Decided: October 20, 1941.

THOMAS M. FURY, PETITIONER-RESPONDENT,
v.
NEW YORK AND LONG BRANCH RAILROAD COMPANY, RESPONDENT-APPELLANT



On appeal from the Supreme Court, whose opinion is reported in 126 N.J.L. 25; 16 A.2d) 544.

For the appellant, Applegate, Stevens, Foster & Reussille (John S. Applegate, of counsel).

For the respondent, Quinn & Doremus (Vincent J. McCue, of counsel).

Perskie

The opinion of the court was delivered by

PERSKIE, J. As presently supplemented, the judgment under review should be affirmed, for the reasons expressed in the opinion delivered by Mr. Justice Heher for the Supreme Court.

1. We have not overlooked our holding in the case of Bryn v. Central Railroad Company of New Jersey, 114 N.J.L. 534; 177 A. 857; affirmed, 115 N.J.L. 508; 180 A. 874. That case is clearly distinguishable on the facts. In that case deceased employee "chose a dangerous route" when there was a "perfectly safe way by which he could have reached his home." He was not where, under his contract of employment, he "had the express or implied right to be." He was a trespasser. In the case at bar respondent, employee, chose the "least roundabout" and the "least dangerous" of the two ways to reach his home. He was where, "within the ambit of [his] services" he had the right to be. He was not a trespasser.

2. The proofs utterly fail to support the claim that the Bureau was without jurisdiction of the subject-matter on the ground that appellant and respondent were engaged in interstate commerce at the time of the accident. Employers' Liability Act, 45 U.S.C.A. 51, et seq.

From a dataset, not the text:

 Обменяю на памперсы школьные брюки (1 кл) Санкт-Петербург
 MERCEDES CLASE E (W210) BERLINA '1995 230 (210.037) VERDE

This claim was raised by, and determined adversely to, appellant in the Bureau. It was, in light of its decision, not deemed necessary to be decided by the Monmouth County Court of Common Pleas. It was neither raised nor argued nor determined by the Supreme Court. The only point raised and argued in that court (as disclosed by appellant's brief -- respondent in that court), was that petitioner, respondent here, "did not meet with an accident arising out of and in the course of his employment within the contemplation of the Workmen's Compensation Act." Since the claim, however, raised the question of jurisdiction, i.e., lack of jurisdiction over the subject-matter, we consider such a question even if raised in this court for the first time. Cf. Dickinson v. Plainfield, 116 N.J.L. 336; 184 A. 195; State v. Guida, 119 N.J.L. 464; 194 A. 711; Duke Power Co. v. Somerset County, 125 N.J.L. 431; 15 A.2d 460; American National Red Cross v. Lester, 129 N.J. Eq. 28, 30; 18 A.2d 295. Especially is that so when if, as here, the Bureau had, as claimed, no jurisdiction over the subject-matter, its judgment was, and continues to be, a nullity. Cf. Herbert v. Corby, 124 N.J.L. 249, 251; 11 A.2d 240; affirmed, 125 N.J.L. 502; 17 A.2d 541.

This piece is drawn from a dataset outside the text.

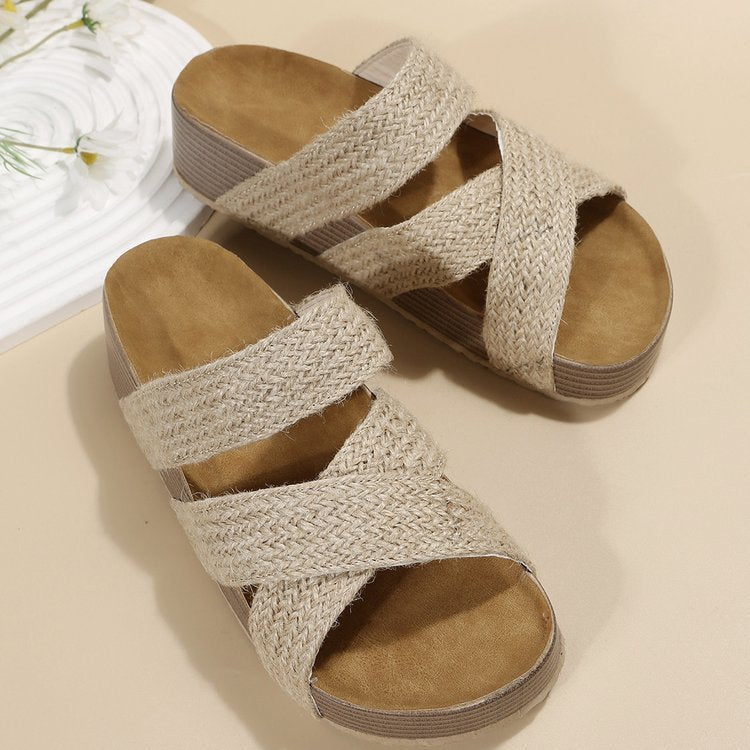 Livia“ – Geflochtene Cross-Strap Slipper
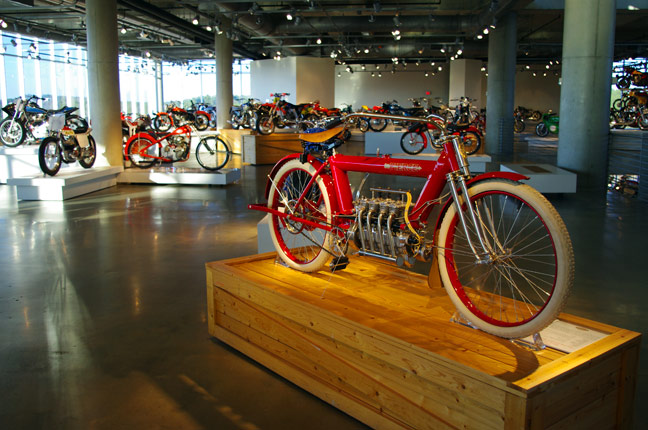 The Barber Vintage Motorsports Museum - Transmoto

We turn to the merits. We are not concerned with the effect of the amendment to the Federal Employers Liability Act, supra (chapter 687 -- 1st Session, Public No. 384 -- 76th Congress) which was approved on August 11th, 1939. Here, the claim petition for compensation and answer thereto were filed in 1936. The adjudications in the Bureau and in the Pleas were pronounced in 1938.

Conceding, in our view of the assault made upon the jurisdiction of the Bureau, that appellant under the circumstances exhibited, was engaged in interstate transportation, or work so clearly related to it as to form a part of it (Cf. Shanks v. Delaware, Lackawanna and Western Railroad Co., 239 U.S. 556; 60 L. Ed. 436; Chicago and Northwestern Railroad Co. v. Bolle, 284 U.S. 74; 76 L. Ed. 173; Martin v. Central Railroad Co., 116 N.J.L. 162; 182 A. 897; reversing 115 N.J.L. 11; 178 A. 82), and conceding further that respondent, when actually at his work at the time of his injury, may also be said to be included within the stated category of appellant, we are nonetheless satisfied that the proofs completely fail to meet the firmly fixed test of exclusive jurisdiction under the Federal Employers Liability Act, supra. That test is whether the instrument of service at the moment of the injury and the work that the employee was doing at the moment of the injury, were actually a part of the interstate transportation in which the carrier was engaged. Illinois Central Railroad Co. v. Behrens, 233 U.S. 473; 58 L. Ed. 1051; Erie Railroad Co. v. Welsh, 242 U.S. 303; 61 L. Ed. 319; Pierson v. New York, S. and W. Railroad Co., 83 N.J.L. 661; 85 A. 233; Granger v. Pennsylvania Railroad Co., 84 N.J.L. 338; 86 A. 264; Lincks v. Erie Railroad Co., 91 N.J.L. 166; 103 A. 176; Price v. Central Railroad Company of New Jersey, 99 N.J.L. 425; 123 A. 756; Bissett v. Lehigh Valley Railroad Co., 102 N.J.L. 283; 132 A. 302; affirmed, 103 N.J.L. 172; 134 A. 915; certiorari denied, 273 U.S. 738; 71 L. Ed. 867 (Lehigh Valley Railroad Co. v. Bissett).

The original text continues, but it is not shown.